Eine auffällige Fahrzeugkolonne, bestehend aus vielen Einsatzfahrzeugen, schlängelt sich durch den Wasenwald zum Forsthof. Neben der Reutlinger Berufsfeuerwehr sind auch die Werkfeuerwehr von Bosch und das Deutsche Rote Kreuz (DRK) vor Ort. Gesamteinsatzleiter Torsten Lutz erklärt, warum: »Die Reutlinger Feuerwehr hat keine Drohnen - deshalb benötigen wir Hilfe von der Werkfeuerwehr.« Deren Drohnen werden also gleich die Freiflächen absuchen, die Rettungshunde des DRK das Waldgebiet. Außerdem wären beim angenommenen Katastrophenszenario schon viele Feuerwehrleute mit Löscharbeiten beschäftigt - man habe also auch schlichtweg zu wenig Personal, um alles alleine zu stemmen, erklärt Einsatzleiter Lutz.
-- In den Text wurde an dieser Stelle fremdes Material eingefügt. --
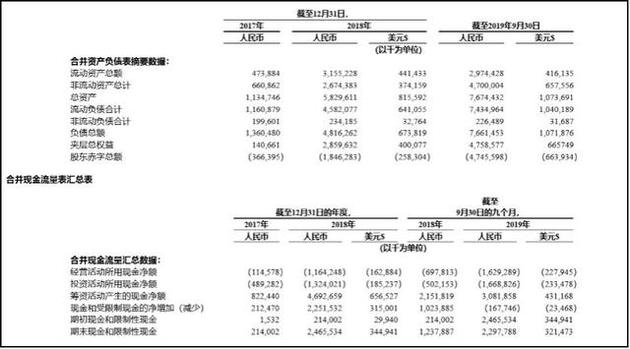 蛋壳公寓惊险闯关40天：谁在说谎 谁在妥协？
»Über die Sekundäralarmierung können wir auch Hunde aus Nachbarlandkreisen anfordern«

Die sechs Männer der Drohneneinheit der Werkfeuerwehr bereiten sich nun auf ihren Einsatz vor. Die Drohnen werden ausgepackt, das potenzielle Aufenthaltsgebiet der vermissten Personen wird nochmal analysiert, die Bildschirme, auf welche die Drohenbilder übertragen werden, werden ausgeklappt. Man verfügt über drei Drohnen, erklärt Daniel Braun, der stellvertretende Kommandant der Werkfeuerwehr. Dass die städtische Wehr die Hilfe dieser Einheit anfordert, ist auch bei normalen Großbränden üblich. Aus der Luft bekommen die Einsatzkräfte am Boden nochmal einen ganz anderen Überblick über die Lage. »Wenn jetzt auch noch ein Polizeihubschrauber mitfliegen würde, müssten wir uns noch enger abstimmen«, erklärt Braun. Doch das ist beim fiktiven Szenario an diesem Samstag nicht der Fall.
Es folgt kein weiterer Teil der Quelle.